その後の競技でも、私たちは順調にポイントを稼いでいた。それもそのはずで、後半の競技には、身体能力の高い生徒を固めていたからだ。後は、逃げ切るだけなのである。そうしている間にも、ポイントを稼ぎ続け、気がつけば自分たちのクラスがトップに躍り出ている。そのタイミングで昼休憩となった。
【2】
昼休みになり、私たちは一度教室に戻り昼食を摂ることになっていた。昔は、校庭で保護者と一緒に昼食を摂るのだろうが、最近では様々な家庭事情があることを考え、このようなスタイルでの昼食になったのだ。なんとも世知辛いものである。最も今の私にとっては、ありがたい事ではある。私は、今朝作った弁当をカバンから取り出し、蓋を開けた。上野が私の弁当を見て言った。
「北沢の弁当すごくね?おかずめっちゃあるじゃん!!」
「ああ。朝、早く起きたからな。作りすぎた。」
「え!?お前が作ったの!?」
上野が分かりやすいリアクションでそう言った。最も、私に向かって言っているはずなのに、その目線は私ではなく私の作った卵焼きだったのだが。
「少し食べるか?」
私は上野に言った。彼は、待ってましたと言わんばかりに返事をした。
「いいのか!?」
そう言って、彼は玉子焼きに手をつけ、口の中に放り込んだ。その途端、彼は驚いた顔で言った。
「めっちゃ上手いじゃんこれ!」
上野が喜んでいる様子を見て、大塚と水上も近づいてきた。大塚は私の弁当を見ながら私に言った。
「そう言えば、北沢くん自炊してるんだよね。それにしても、クオリティー高いね。」
一方の水上は、いつもの仏頂面で私に言った。
「ちょっともらってもいい?」
「ああ。構わんが…。」
私がそう言うと、水上は唐揚げを一つ取って頬張った。それと同時に呟いた。
「私のより全然美味しい…。」
私が思っているよりも、ショックな事なのだろうか?私は、水上に聞いた。
「なんだ?今日は自分で弁当作ったのか?」
水上は、コクリと頷いた。私は、さらに質問を重ねた。
「水上が作った唐揚げ、食べてみていいか?」
「いいけど、バカにしたらブツから…。
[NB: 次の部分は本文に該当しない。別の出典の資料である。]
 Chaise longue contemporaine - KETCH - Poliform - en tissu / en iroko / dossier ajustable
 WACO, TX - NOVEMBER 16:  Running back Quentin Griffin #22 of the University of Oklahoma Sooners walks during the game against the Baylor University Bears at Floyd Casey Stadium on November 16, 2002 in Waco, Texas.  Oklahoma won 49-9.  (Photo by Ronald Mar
」
水上は、若干恥ずかしそうな様子でそう言った。私は、水上の弁当から唐揚げを一つ取って味見をした。
………これは、想定通りの酷さだ。鶏肉に下味を付けずにそのまま揚げている。中学生ならやりがちな事なのだろうか。まぁ、食えなくはないが…。私は、水上に言った。
「うん。まぁ…いいんじゃないか?…ってイテッ!!バカにしてないだろ!!」
結局、私は水上に叩かれてしまった。私は、水上に言った。
「俺もネット見て作ってるだけだから、調べればおんなじように作れるぞ。」
水上は私に疑いの目を向けながら言った。
「本当?」
私は答える。
「レシピ通りに作るだけで、そこそこなものは出来るもんだぞ。あとは、経験だけだ。それに、水上の作った唐揚げ、生焼けも黒焦げでも無かったからな。後は、材料さえきちんと調べれば、ちゃんとした唐揚げが出来るだろ。」
水上の表情は、少し明るくなった。
【3】
私は昼食を済ませるとすぐに、校庭に向かった。校庭に出るや否や、弟が私に声をかけて来た。
「兄さん、1500m2位なんて、中学生相手にずいぶんすごいじゃん。」
弟は、楽しそうに言った。彼は、いい大人であるにもかかわらず、なぜこんなにも楽しそうなのか。さっぱり分からない。私は、そっけない態度で言った。
「勝って当たり前の勝負だったと思うぞ。そもそも、運動をして分かった事だが、多分身体の発達具合は、高校生ぐらいなんだと思う。」
「そうだよね。もともと、高校の入学が難しいから中学校に入学したんだもんね。」
「というか、学校で兄さんというの止めろよ!何があるか分からないだろ!」
私は、小声で弟に忠告した。弟も「うっかりしていた」と言わんばかりの表情で、「ごめんごめん忘れてた。」と私に言った。私が弟とそのようなやりとりをしていると、飛田がやってきて弟に挨拶をしてきた。
「これはこれは、北沢さん!わざわざ来て頂きありがとうございます!」
弟も飛田に挨拶を返す。
「どうも、いつも兄がお世話になってます。」
飛田は、私を見ながら話を続ける。
「それにしても、北沢さんの采配が随分とうまく行っているみたいですね。順調にポイントを稼いでますね。最後の山場は、クラス全員参加の全員リレーと言った所でしょうか?もしかしてリレーも何か企んでいるのですか?」
私は、意地悪な顔で言った。
「さて、どうでしょうね?」
「楽しみにしていますよ。さて、そろそろ時間です。北沢さん、席の方に移動して下さい。」
「そうですね。失礼します。」
私は、生徒席の方に向かった。その様子を見て飛田は呟いた。
「北沢さんもだいぶ表情も豊かになってきましたね…。ですが、そろそろあの女も何かしでかしそうな、嫌な予感がします。予感で済めば良いのですが…。」